[Brief descriptive captions]
»»
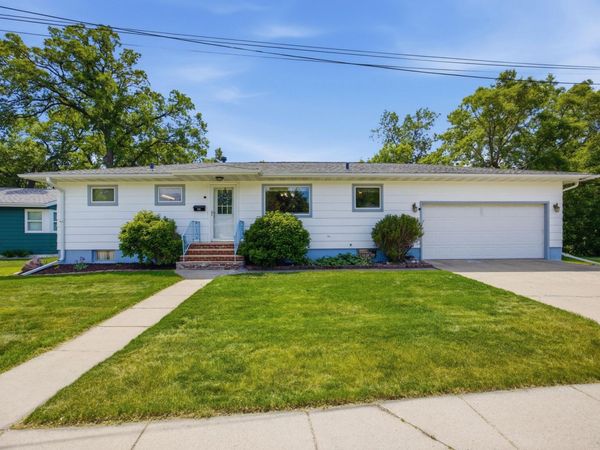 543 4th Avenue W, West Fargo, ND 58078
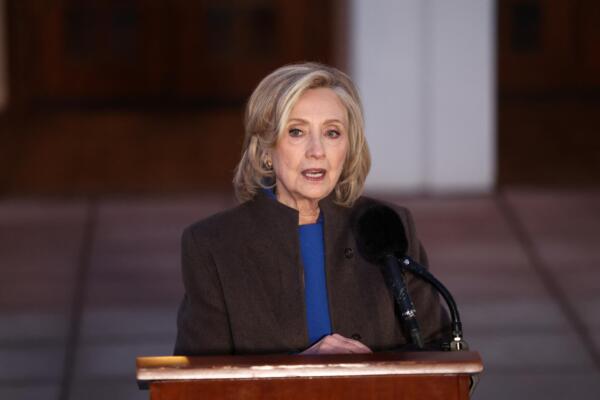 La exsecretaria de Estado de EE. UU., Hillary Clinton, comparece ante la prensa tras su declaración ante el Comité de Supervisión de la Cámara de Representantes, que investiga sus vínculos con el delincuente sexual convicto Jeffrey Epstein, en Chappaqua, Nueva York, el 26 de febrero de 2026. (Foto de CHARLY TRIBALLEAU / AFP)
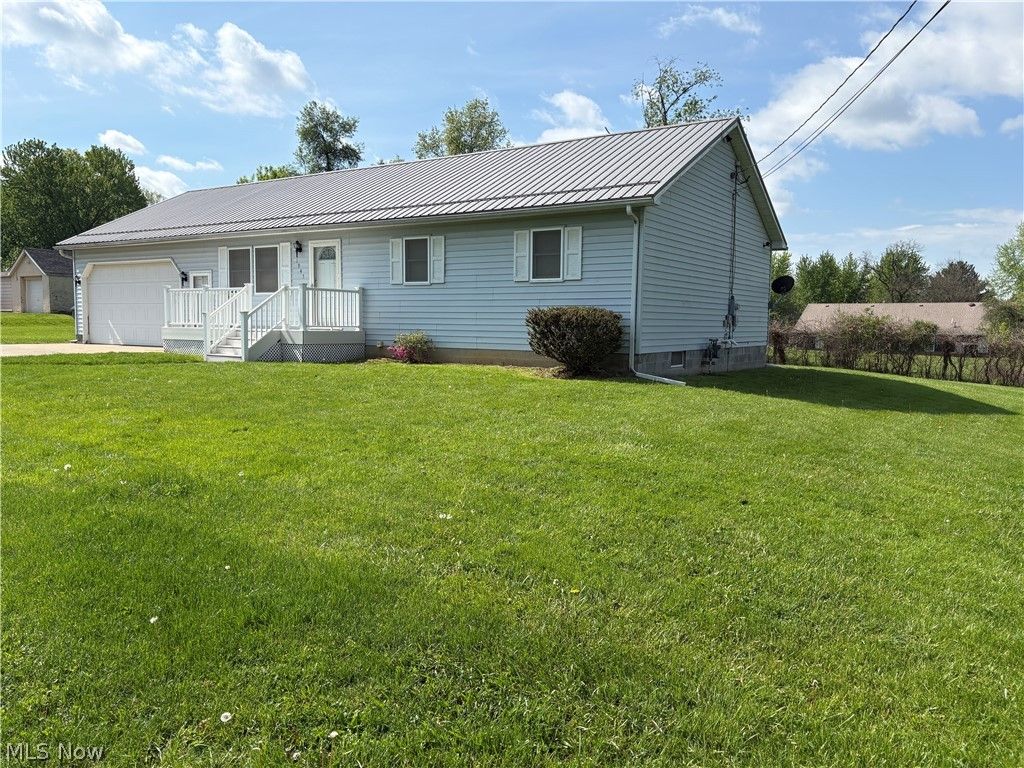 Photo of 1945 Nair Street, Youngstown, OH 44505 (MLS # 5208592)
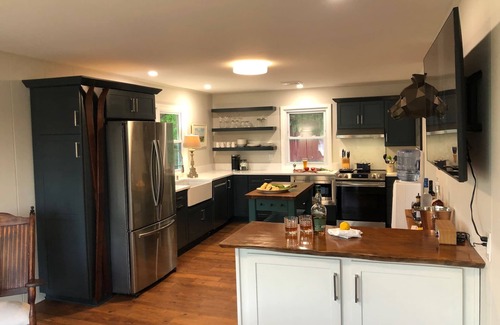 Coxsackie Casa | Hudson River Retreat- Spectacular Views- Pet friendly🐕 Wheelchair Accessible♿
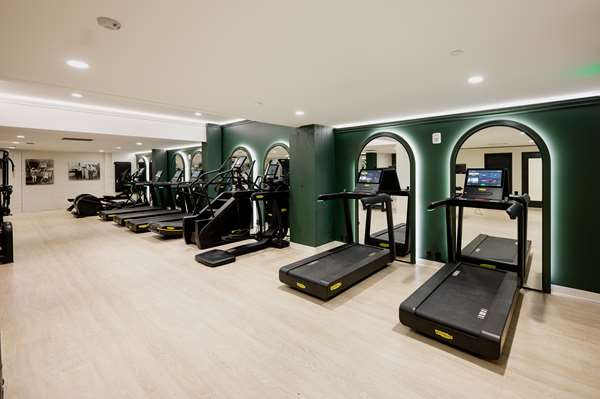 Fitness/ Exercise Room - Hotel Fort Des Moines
««
> [EXERCISE] Should the entries hold any pictures, please omit those and print the remaining text exactly.

> [FINAL ANSWER]
 543 4th Avenue W, West Fargo, ND 58078
 La exsecretaria de Estado de EE. UU., Hillary Clinton, comparece ante la prensa tras su declaración ante el Comité de Supervisión de la Cámara de Representantes, que investiga sus vínculos con el delincuente sexual convicto Jeffrey Epstein, en Chappaqua, Nueva York, el 26 de febrero de 2026. (Foto de CHARLY TRIBALLEAU / AFP)
 Photo of 1945 Nair Street, Youngstown, OH 44505 (MLS # 5208592)
 Coxsackie Casa | Hudson River Retreat- Spectacular Views- Pet friendly🐕 Wheelchair Accessible♿
 Fitness/ Exercise Room - Hotel Fort Des Moines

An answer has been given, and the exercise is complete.